*WORK TO BE COMPLETED*.
Whenever the word "Image" appears on a line of the material below, that line is counted; state the total alone.

*GIVEN DATA*.
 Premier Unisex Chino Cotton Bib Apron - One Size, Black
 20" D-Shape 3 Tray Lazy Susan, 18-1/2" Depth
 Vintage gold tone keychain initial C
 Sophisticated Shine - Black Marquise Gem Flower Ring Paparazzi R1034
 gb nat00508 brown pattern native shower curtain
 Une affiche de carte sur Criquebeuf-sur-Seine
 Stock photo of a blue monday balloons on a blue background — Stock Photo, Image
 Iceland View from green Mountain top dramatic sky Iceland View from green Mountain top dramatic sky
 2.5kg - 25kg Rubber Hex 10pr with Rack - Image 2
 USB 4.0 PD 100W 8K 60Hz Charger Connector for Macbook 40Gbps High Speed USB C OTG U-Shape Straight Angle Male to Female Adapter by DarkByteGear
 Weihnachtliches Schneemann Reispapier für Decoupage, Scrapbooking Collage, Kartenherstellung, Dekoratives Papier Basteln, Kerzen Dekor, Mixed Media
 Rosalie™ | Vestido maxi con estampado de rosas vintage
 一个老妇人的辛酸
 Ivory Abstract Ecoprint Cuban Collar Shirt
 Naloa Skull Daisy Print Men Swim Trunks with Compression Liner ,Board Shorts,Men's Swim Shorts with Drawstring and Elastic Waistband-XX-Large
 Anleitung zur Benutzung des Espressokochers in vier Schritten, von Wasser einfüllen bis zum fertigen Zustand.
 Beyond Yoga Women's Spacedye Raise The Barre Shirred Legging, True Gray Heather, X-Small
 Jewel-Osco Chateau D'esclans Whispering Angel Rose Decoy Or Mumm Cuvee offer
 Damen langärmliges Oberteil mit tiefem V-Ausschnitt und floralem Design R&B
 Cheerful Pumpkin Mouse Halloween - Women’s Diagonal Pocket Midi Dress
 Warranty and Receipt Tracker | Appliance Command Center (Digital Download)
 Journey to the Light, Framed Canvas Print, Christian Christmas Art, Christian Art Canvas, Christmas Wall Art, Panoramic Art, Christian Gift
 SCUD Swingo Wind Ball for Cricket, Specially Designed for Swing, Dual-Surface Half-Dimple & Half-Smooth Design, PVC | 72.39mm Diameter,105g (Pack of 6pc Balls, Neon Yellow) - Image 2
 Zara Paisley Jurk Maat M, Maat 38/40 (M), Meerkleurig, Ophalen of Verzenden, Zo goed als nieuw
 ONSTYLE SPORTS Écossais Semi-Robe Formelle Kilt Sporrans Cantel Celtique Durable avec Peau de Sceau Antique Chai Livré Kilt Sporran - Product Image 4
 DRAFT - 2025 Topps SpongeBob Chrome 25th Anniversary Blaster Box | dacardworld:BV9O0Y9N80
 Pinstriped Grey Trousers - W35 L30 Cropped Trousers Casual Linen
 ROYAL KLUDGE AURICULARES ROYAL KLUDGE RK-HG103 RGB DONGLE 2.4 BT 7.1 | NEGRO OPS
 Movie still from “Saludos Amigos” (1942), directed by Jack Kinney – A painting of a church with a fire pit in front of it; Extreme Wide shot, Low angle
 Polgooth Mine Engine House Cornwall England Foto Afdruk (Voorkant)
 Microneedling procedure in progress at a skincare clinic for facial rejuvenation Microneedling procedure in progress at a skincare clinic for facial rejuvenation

*SOLUTION FOR THIS EXERCISE*.
4